What are the main issues in the current boxing climate?

The main issue, if you will, are that the men are not as tough. They pull out of most of their scheduled fights with minor injuries, and end up fighting only once in a blue moon, in which the public need to subscribe to a particular station, to be tied-in, as well as pay a one-off fee to actually watch them, if they actually get in the ring on the scheduled fight date!

I never missed a scheduled fight date. It’s a cardinal sin. It would have Sugar Ray Robinson turning in his grave. I fought with a broken sternum, fractured ribs, dislocated elbows, severe knee injuries, a semi-swelled eye before the first bell, and so on and so forth.

In the day of Sugar Ray Robinson, he would fight on a fortnightly basis, for 15 rounds. If strength and conditioning and nutrition if so far advanced in this day, and the athletes supposedly so vastly advanced, then why can they not fight 12 rounds once in six months?

You say you know boxing like nobody else, could you elaborate on that?

I was taught by Adonis Torres, who was in the thick of boxing in New York City from the 20s to the 80s; seeing all the mobsters and gangsters operating. I know the business. I was the boxer who was the closest companion to Lennox against Holyfield and to Naseem against Barrera, advising and supporting.

I took my knowledge to the United Kingdom and experienced everything, came through everything, in every avenue of the business. I know this business, I know this art. I pioneered, I even made the United Kingdom the Las Vegas of boxing from 1990-1991 to 1994-1995, until Mike came back out of prison.

Nobody trained harder or more meticulously, and nobody negotiated harder or psychologically assessed the characters and goings on of this business and form of entertainment more meticulously so than I.

I started at the very bottom, without a penny to my name and unable to throw anything that remotely looked like a punch, and rose to the very top with the top record in the game and highest pound-for-pound earnings, and the most precise, picture-perfect punching technique. I know this game, so I will advise my son accordingly, because there is no better advise!

Will a third Nigel Benn fight finally happen?

Anything is possible. Nigel is steaming, I feel there is a bit of a beast within his spirit that needs to be released, that maybe he needs to put to bed to continue his journey that he is on. I can actually feel it.

And what better way for him to release it for good than to wallop his adversary around the head, namely myself. It probably should happen, but it’s out of my hands.
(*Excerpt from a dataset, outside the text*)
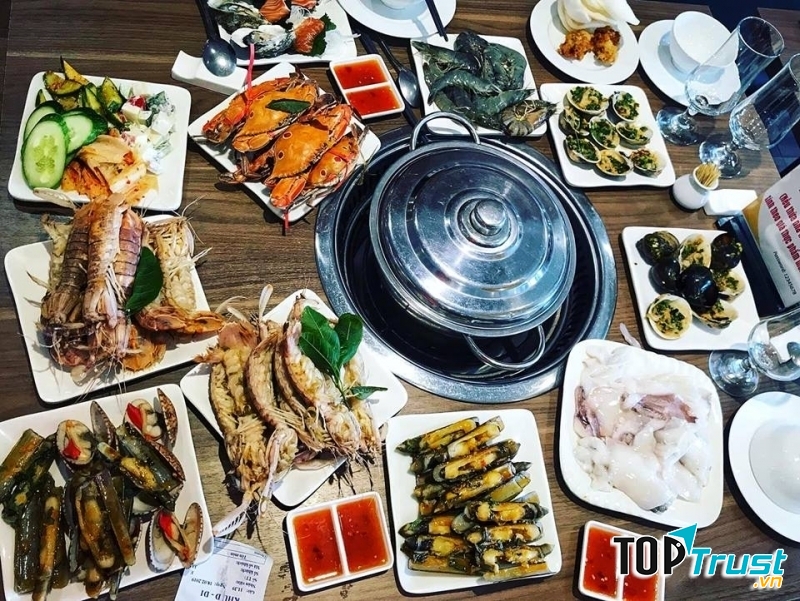 Buffet Hải sản Chef Dzung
What were your five most difficult fights?

1. Watson 2
2. Collins 2
3. Benn 2
4. Benn 1
5. Schommer

When I first fought these great warriors, Nigel, Michael and Steve, I was able to school them. Not until I knocked Steve over and held mercy on him, I then schooled him, but before that there was a mind game where I wanted to hurt him. Second time around, they knew me – they had measured me for 9 to 12 rounds before, and they each came up with particular strategies that were vastly different from their first attempts tactically against me.

Actually the conviction of Watson in Watson 2 and the resolve of Collins in Collins 2 were really beyond anything I’ve ever seen in a ring, combined with the varying tactics and I am thrown right off, right?
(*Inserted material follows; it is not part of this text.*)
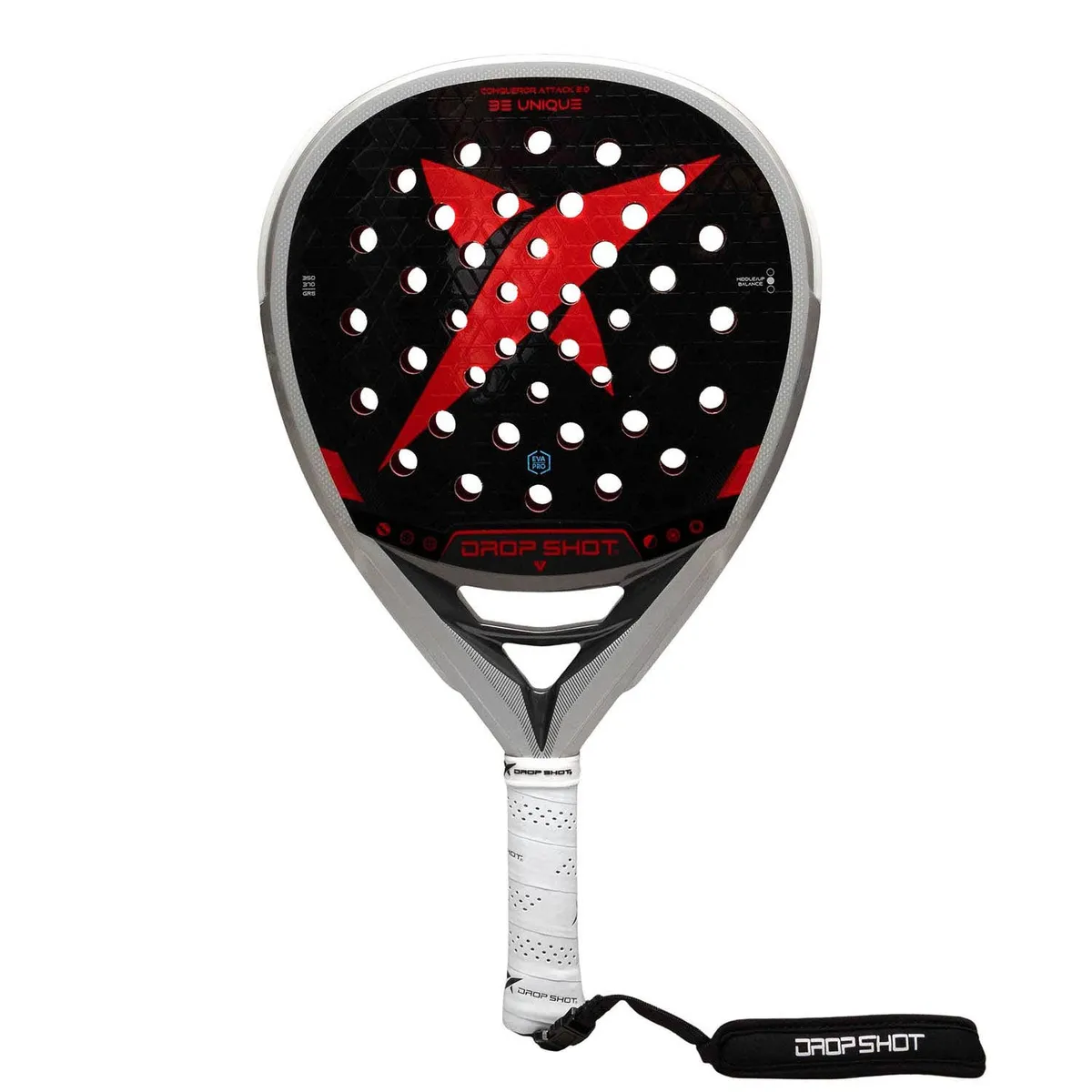 Drop Shot Conqueror Attack 2.0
Nigel in the rematch did not keep his head in the same spot for half a second, so mathematically how are you supposed to punch him in the head without timing it down to the split-second every time while executing at breakneck speed? He’s supposed to tire after a few rounds of constant head moves, but no – right through! I became more and more desperate! His stamina was ridiculous that night.
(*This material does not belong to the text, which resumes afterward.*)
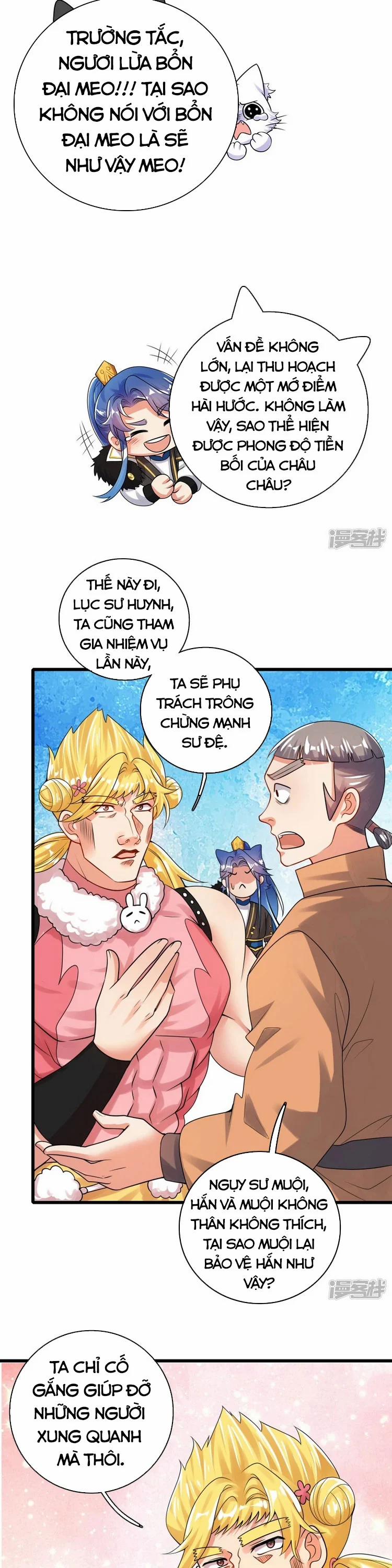 Hài Đế Vi Tôn 104 trang 6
As far as Dan Schommer is concerned, mathematically he was always at the perfect distance where I would fall short by a centimeter or so, allowing him to counter with right hooks or southpaw lefts. He was a hidden master.

And your five greatest victories?

1. Watson 2
2. Benn 1
3. Rocchigiani
4. Logan
5. Schommer

Who will take Floyd Mayweather’s mantle as the king of boxing?

Amir Khan in the short-term, Chris Eubank Jr in the long-term.